LAST week, the Met Office issued its first ever red alert heat warning.

As predicted, temperature records were smashed across England, Wales, and Scotland.

Towns in the South of England were registering over 40 degrees Celsius, and here in Scotland, temperatures peaked in Roxburghshire at 35.1 degrees – the highest daily temperature ever recorded in Scotland.

Trains were cancelled as tracks overheated or buckled. Fire services declared major incidents after a surge in fires.

It should not be this hot. Put simply, these extreme temperatures are directly caused by climate change.

Scientists, activists, and communities on the frontline of the climate emergency have been warning about the devastating impact of climate change for decades.

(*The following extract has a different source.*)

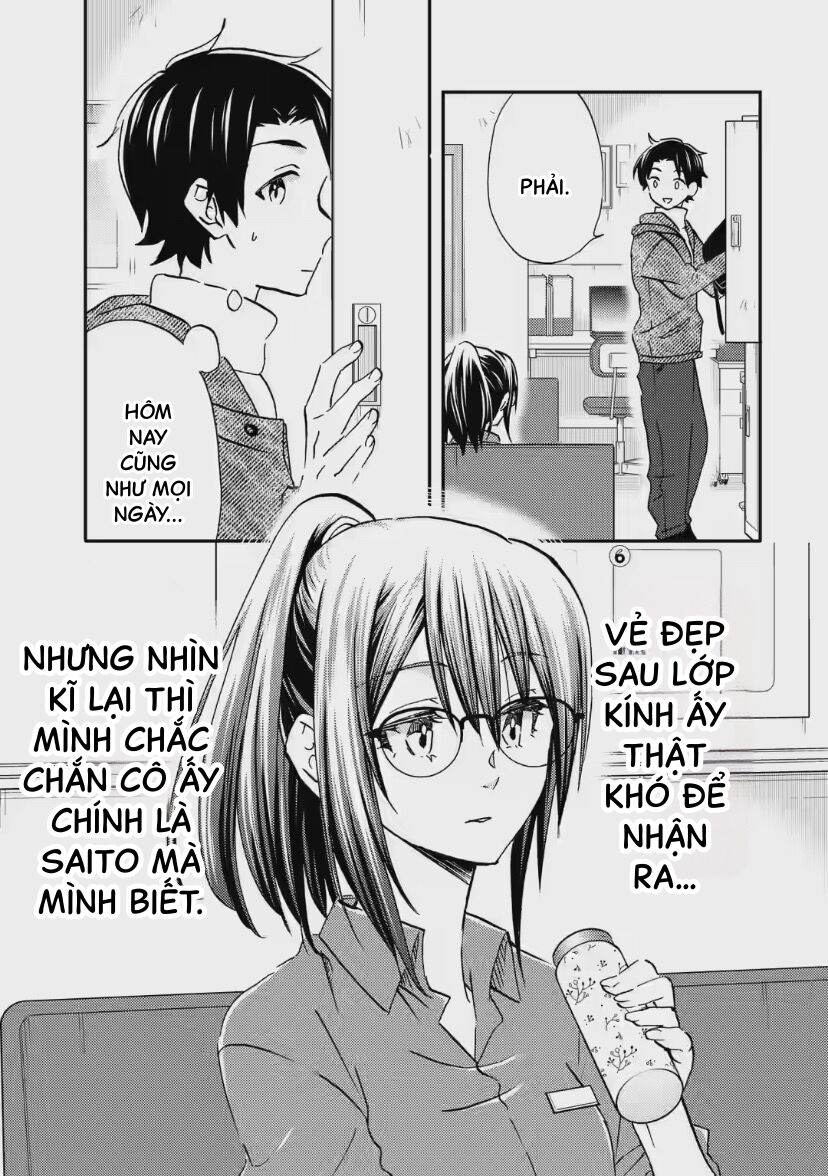 Falling For Her Secret Side Chapter 33 - Trang 2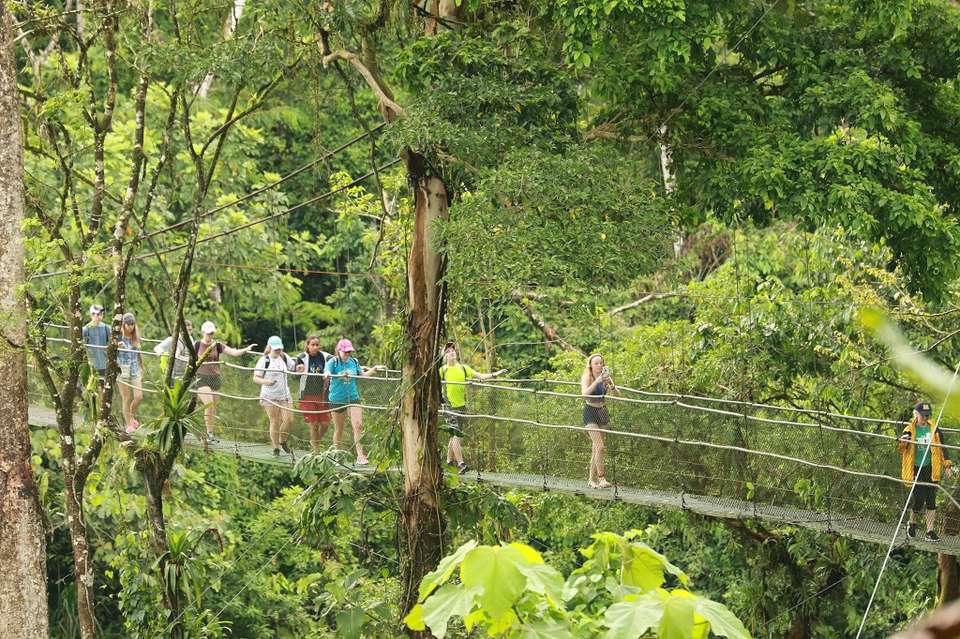 Multisport Through Volcanoes & Rivers (on Request) - Destination Services - Costa Rica - Image 10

Yet, for too long, successive governments have failed to act with the urgency we need to turn the tide. We need serious leadership and transformative action, to heal our hurting planet.

But instead, we have a Tory Government in Westminster with their heads in the sand.

None of the Tory leadership candidates are taking this crisis remotely seriously. They are all committed to the same climate vandalism and an expansion of the fossil fuel extraction which has brought us to this devastating point.

So, it's hardly surprising that in the same week we saw the devastating reality of climate breakdown on our doorsteps, Rishi Sunak proposed a halt on all new wind farms.

The Tories are playing games as the planet burns.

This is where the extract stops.